29 avril 2014

[Paix Liturgique] Les vrais «signes des temps»: Quand la sociologie confirme le désir massif des fidèles d'assister à la messe "traditionnelle"

Jeudi-Saint à la basilique Notre-Dame de Fribourg
SOURCE - Paix Liturgique - Lettre 437 - 29 avril 2014

Le 26 février 2014, le décanat de Fribourg (diocèse de Lausanne, Genève et Fribourg) rendait public les résultats d'une grande enquête sur la pratique religieuse des catholiques locaux :3 457 des 4 800 fidèles ayant assisté à l'une des 69 messes célébrées dans le décanat les samedi 15 et dimanche 16 juin 2013, ont en effet répondu à tout ou partie des 23 questions d'un questionnaire qui leur avait été distribué.
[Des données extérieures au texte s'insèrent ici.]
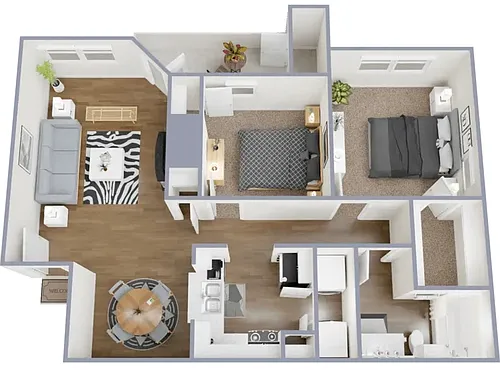 Floor plan 2 Bed, 1 Bath A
Parmi ces interrogations, toute une série portait sur les préférences liturgiques des fidèles et, comme l'écrit sur son blog, l'abbé Dominique Rimaz, il apparaît que « les fidèles veulent la Messe du Christ, la Messe de l'Église ! Voilà sans doute la bonne surprise du sondage de Fribourg ». Mieux encore – mais, pour nous, ce n’est nullement une surprise – à la question de savoir ce que les catholiques fribourgeois pensaient de la « messe en latin (forme extraordinaire) », 2 sur 3 ont déclaré l'apprécier « assez » ou « beaucoup » !!! Un résultat qui confirme largement celui enregistré en 2011 par l'institut Démoscope pour le compte de Paix liturgique dans le cadre d'une enquête menée par téléphone auprès de 722 catholiques de Suisse romande et alémanique (voir notre lettre 280).
I – LES RÉSULTATS COMMENTÉS PAR LE DIRECTEUR DE L'INSTITUT RELIGIOSCOPE
Historien des religions, le Fribourgeois Jean-François Mayer a rendu compte des résultats d'ensemble de l'enquête du décanat sur le site Religioscope avant de s'arrêter plus en détail sur les aspects liturgiques sur le blog orbis.info. Avec son aimable autorisation, nous vous proposons un long extrait de ce dernier texte sur lequel nous appuierons nos réflexions de la semaine.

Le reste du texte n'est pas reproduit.